Categorized | Tax Alerts



TAX ALERT: UTOPIA to call on member cities’ sales tax pledges

In 2009 UTOPIA, Utah’s largest municipal telecom system, will begin to draw on sales taxes pledged by UTOPIA’s member cities, despite vehement and repeated statements by UTOPIA representatives that the sales tax pledges would never be called. Now taxpayers in cities that joined UTOPIA will face property tax hikes to pay for the services those sales taxes were supposed to support.

When UTOPIA was first formed, full member cities pledged to back UTOPIA’s bonds with their own sales tax dollars. If UTOPIA was unable to make the bond payments out of business revenue, they would draw on the member cities’ sales tax pledges. The cities would then have to replenish their sales tax pledges in the coming year.

Table 1: Original Sales Tax Pledge Amounts
for Each UTOPIA Member CityDocument2

Your Taxpayers Association warned cities not to join UTOPIA. We argued that cities should not compete with the private sector in providing telecom systems, and if they do decide to compete, the cities will not succeed. Relying on hopes instead of evidence, 11 cities joined, and pledged to back these bonds.

In 2009 UTOPIA finally had to make its first bond payment out of subscriber revenue. (The previous bond payments had all been made from the proceeds of the original bond sales.) Unfortunately, UTOPIA simply did not have the subscriber revenue to cover these payments.

Instead of calling on the sales tax pledges, UTOPIA doubled down.
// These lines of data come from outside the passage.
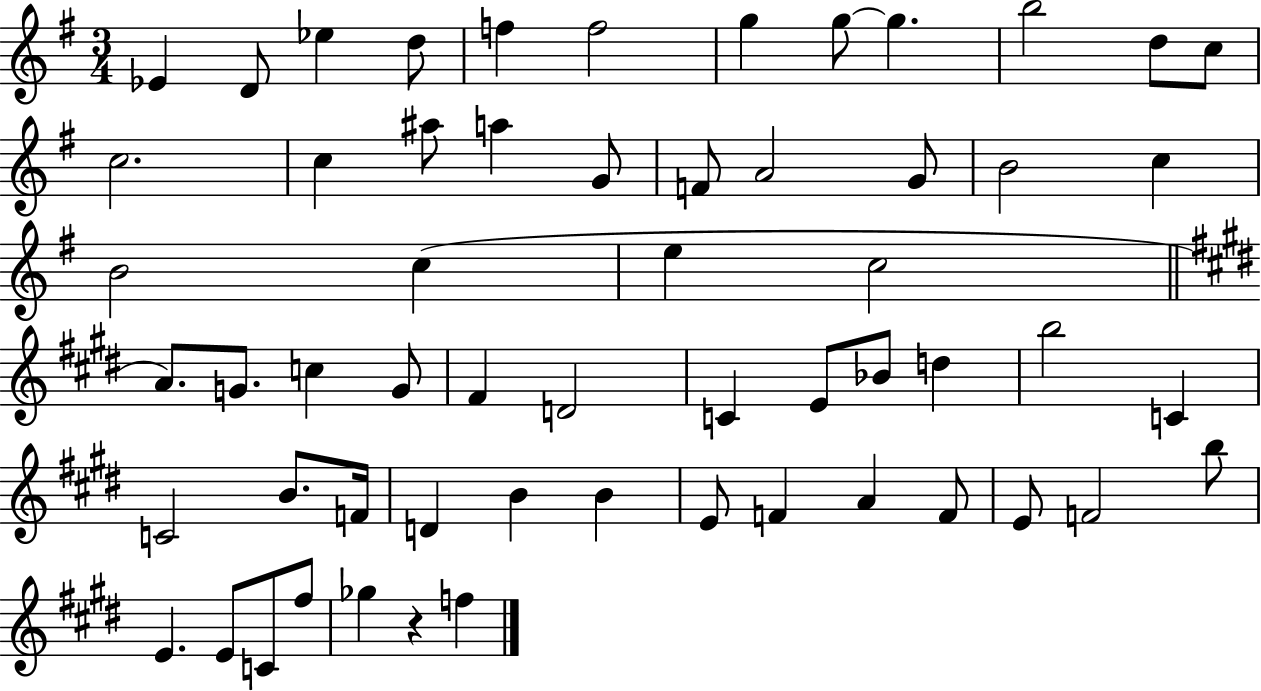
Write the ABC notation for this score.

X:1
T:Untitled
M:3/4
L:1/4
K:G
_E D/2 _e d/2 f f2 g g/2 g b2 d/2 c/2 c2 c ^a/2 a G/2 F/2 A2 G/2 B2 c B2 c e c2 A/2 G/2 c G/2 ^F D2 C E/2 _B/2 d b2 C C2 B/2 F/4 D B B E/2 F A F/2 E/2 F2 b/2 E E/2 C/2 ^f/2 _g z f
They asked member cities to back new bonds with additional sales tax pledges. Unlike UTOPIA’s original bonds, the new bonds matured in 33 years, and the member cities’ possible exposure jumped from $200 million to half a billion dollars.

Your Utah Taxpayers Association argued that UTOPIA’s member cities should reject UTOPIA’s new proposal. Convinced that UTOPIA could weave flax into gold, UTOPIA’s member city councils, excepting Payson, followed UTOPIA’s recommendation, and bet half a billion dollars in sales taxes that UTOPIA could succeed.
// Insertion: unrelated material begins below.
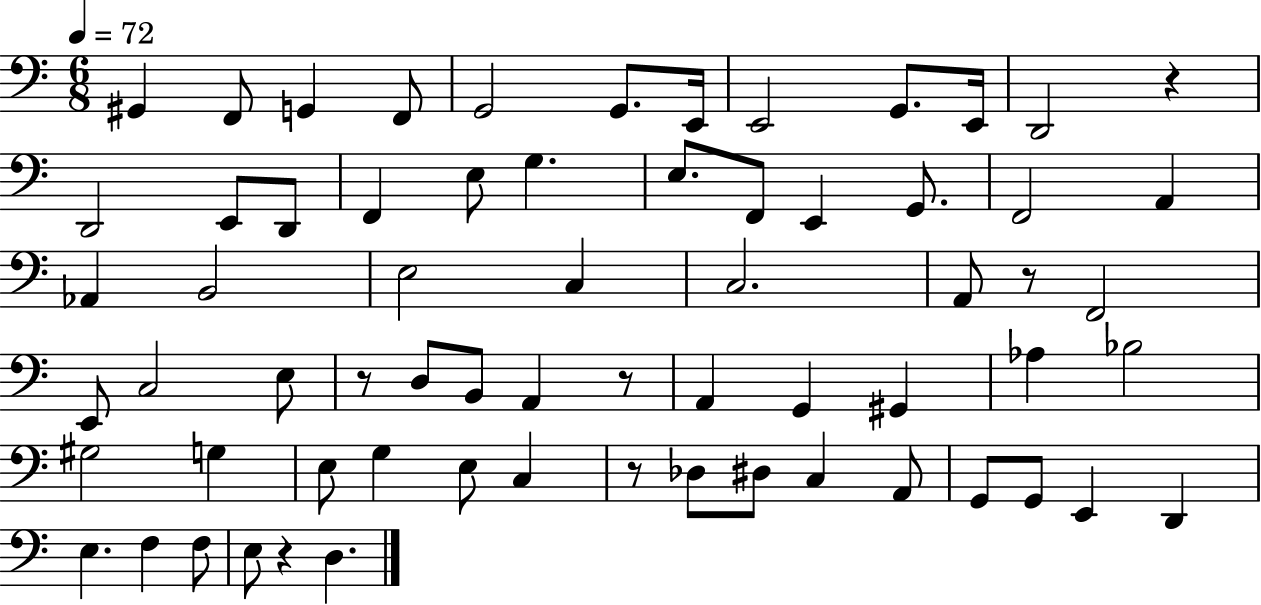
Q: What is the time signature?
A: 6/8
When they sold the new bonds, UTOPIA expected to make the first 3 years of bond payments out of the bond proceeds. As credit markets went haywire last year, UTOPIA found itself paying far more in interest than they had planned. They couldn’t trade into more favorable terms, because their track record gave potential investors no confidence that UTOPIA could succeed. As a result, UTOPIA’s available cash fell precipitously.
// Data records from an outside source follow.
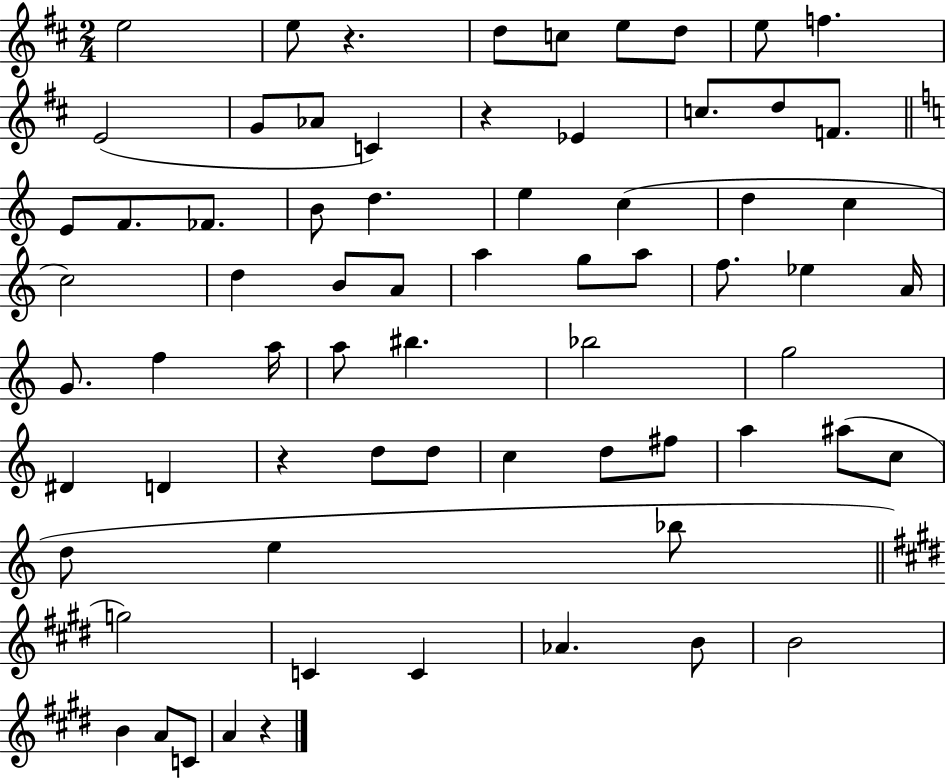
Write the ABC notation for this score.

X:1
T:Untitled
M:2/4
L:1/4
K:D
e2 e/2 z d/2 c/2 e/2 d/2 e/2 f E2 G/2 _A/2 C z _E c/2 d/2 F/2 E/2 F/2 _F/2 B/2 d e c d c c2 d B/2 A/2 a g/2 a/2 f/2 _e A/4 G/2 f a/4 a/2 ^b _b2 g2 ^D D z d/2 d/2 c d/2 ^f/2 a ^a/2 c/2 d/2 e _b/2 g2 C C _A B/2 B2 B A/2 C/2 A z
Table 2: Total Pledge for Each UTOPIA Member City,
Following the 2008 Refinance of UTOPIA’s Bonds Document2

Now, one of UTOPIA’s biggest cheerleaders is begrudgingly acknowledging that the sales tax pledges will be called. In Murray Mayor Dan Snarr’s April message, he wrote, “At this point in time, no tax dollars have been used on this project. That may change, and we may need to help pay for some of the operations until there are enough customers to cover expenses.”

Given the rumors we are hearing about UTOPIA’s dwindling cash, and the fact that UTOPIA called an emergency board meeting to accept a different benchmark for their interest payments, Mayor Snarr’s “may” sounds suspiciously like “will.”

If Mayor Snarr is correct, and we believe he is, taxpayers in UTOPIA’s member cities face property tax hikes. Member cities will have to divert some of the sales tax revenue that should pay for fire, police and other basic city services, and instead pay for their ill-conceived UTOPIA venture. To continue providing fire, police and the other basic city services, these cities will have to raise their property taxes, the only tax they can raise to balance the budget.

UTOPIA’s socialist telecom system was a bad idea to begin with. That’s why UTOPIA failed to generate the subscribers necessary to pay for its own operations and the original bonds. Refusing to acknowledge they had made a mistake, the member city councils doubled down. Now taxpayers in the member cities will be stuck with higher taxes for the next 33 years. We can only hope that this debacle serves as a warning to other cities about the dangers of competing with the private sector.